Quarantining your inverts with a good bio filter is a good idea as well, as they can introduce mantis shrimp, flat worms, nudibranchs and so on.

Probably the best way in which to quarantine your inhabitants and all of us marine keepers would find this a huge advantage, is to use plastic tubs and pump the water up to your filter than overflow to the tub, this area called quarantine does not have to be pretty, it needs to be separate to your display tank and it’s system and just work well.

 Have one for fish and a larger one for inverts. Have a couple of good t8s over your invert tub to sustain them for the short term and a basic weak light for the fish tub.

Follow the instructions on the cure you purchase and monitor with testing for levels of the cure.

The wrong amounts of the treatment you use will either adversely affect your fish or kill them.

Remember white spot is an invert and the treatment you will most likely be using is a invert killer.

Do not use treatments on inverts at all!

Selecting a healthy fish

When purchasing a fish they will show you if they are healthy or not by the colour and personality.

 If they are a strong colour and looking for food aggressively, acting territorial, not hiding much and even keen to look at you and have you go away, this is the one you get.

Most fish can be nitrate poisoned before you buy them, or stress poisoned. This means they have had continued adrenalin produced and it damages organs beyond repair as does nitrate poisoning. So they eat and eat, but still eventually die as if drug caught.

Chaetodons and centropyges are easy to see if they are sick. If their colour is not a dark one and there can be seen a darkening around the gill area, this is not a good fish to get, it may have already gone to far to save.

Water changes.

Why do we do this? What does it achieve?

 There are three basic groups of gases and substances we need to remove that your filter wool, live rock or canister, etc, will not remove affectively. Liquid waste, nitrate gas and phosphates-etc.

 The first can be removed to 90% pure by a good protein skimmer. The next is something that a little is done by your live rock. You mainly need a large plenum style area, or is actually a clean dead spot in your water to convert this to nitrogen.

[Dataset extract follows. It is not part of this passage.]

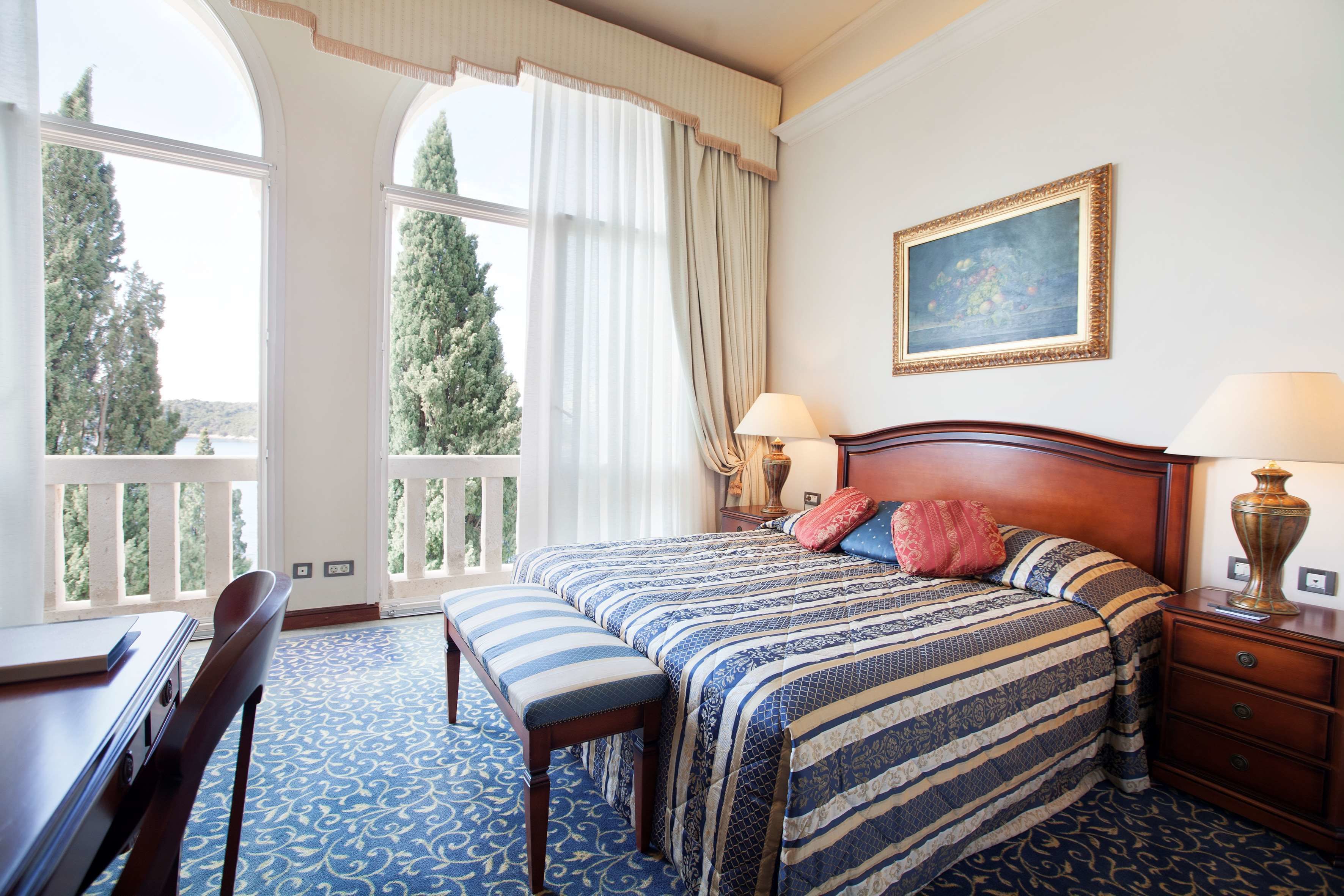 minibar, in-room safe, desk, blackout curtains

 The third can only be removed via activated carbons-etc, or an algae environment. This if done large enough and light applied properly will do all water purifying to an extremely high level.

But you would need at least 20 times the your tanks diameter in size to achieve this.

 So we come back to water changes.

 Make what you can, build what you can. In the ocean one kilometre of reef has over a hundred kilometres of ocean to process its waste, mainly by phytoplankton.

You can have perfect pristine ocean water at home with the money and the space to achieve it.

 If you wish to store your salt water, then it can be left for a week or a year it doesn’t matter. Just prevent evaporation while in storage. If an alga develops in the stored container, it doesn’t matter.

The water when used can be added directly to your tank. Your system will stabilize the new water very quickly.

 If you want you can bring the temp and PH to similar levels as your tank water, though it is not necessary. A quarter to a half of your tank per week should be the maximum under normal conditions to change.

Mantis shrimp removal

With a mantis you can leave the tank for a few hours after the light goes off, then use a torch or switch on the lights and have a length of 8 mill ish dowl, if you want you can cut a slot in the dowle and insert a Stanley knife razor blade.

 You then find it and hold the dowle over it and push and push on its head and it is history. It might take a few goes, but it is soon very dead. Or you can drill a fine hole in the end of the dowle push in a needle, or just force it in to it and that one works on fish you don’t need as well, with no disturbance to your live rock.

 But you could use a mantis shrimp trap, sold from the shops.